HD. Le chaos libyen, la menace terroriste peuvent-ils faire trébucher cette transition démocratique ?
H. K. La désespérance s’exprime malheureusement, aujourd’hui, par le fondamentalisme, par Daech. Les groupes terroristes recrutent dans les villages déshérités de l’intérieur, des zones frontalières montagneuses, comme dans la jeunesse des quartiers poudrières des grandes villes nés de l’exode rural. Même la zone côtière n’est pas épargnée : la crise durable du tourisme y a plongé des villes entières dans le chômage. Incontestablement, l’État s’est ­affaibli. Mais l’État tunisien tient encore debout, surtout grâce à ses cadres intermédiaires. Aucun pays ne sort indemne d’un changement de régime. Dans des situations semblables, des États se sont effondrés. Nous devons à tout prix préserver une République civile, pérenne, démocratique. Ancrer la démocratie, apporter des réponses sérieuses à la question sociale, voilà les tâches du moment.
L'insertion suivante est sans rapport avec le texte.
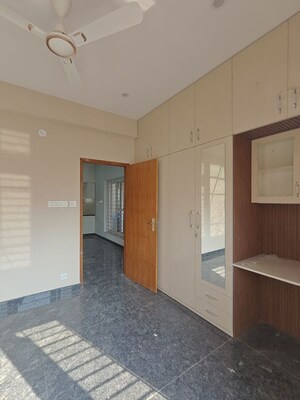 Room in 2 BHK Builder Floor at Arekere – for Rent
Le chômage des jeunes, une bombe à retardement
La situation demeure tendue sur le plan social en Tunisie où la mort, le 16 janvier, d’un chômeur âgé de 25 ans avait déclenché des manifestations et des affrontements avec les forces de l’ordre à Kasserine, ville pauvre située dans le centre ouest du pays. Le jeune s’était électrocuté en grimpant sur un pylône électrique pour protester contre le retrait de son nom d’une liste d’embauche dans la fonction publique. Le mouvement s’était propagé à de nombreuses autres régions du pays. Les autorités avaient alors réagi en instaurant un couvre-feu sur tout le territoire, le 22 janvier. Cette restriction a été allégée vendredi 29 janvier en raison de « l’amélioration de la situation sécuritaire », a annoncé un communiqué du ministère de l’Intérieur.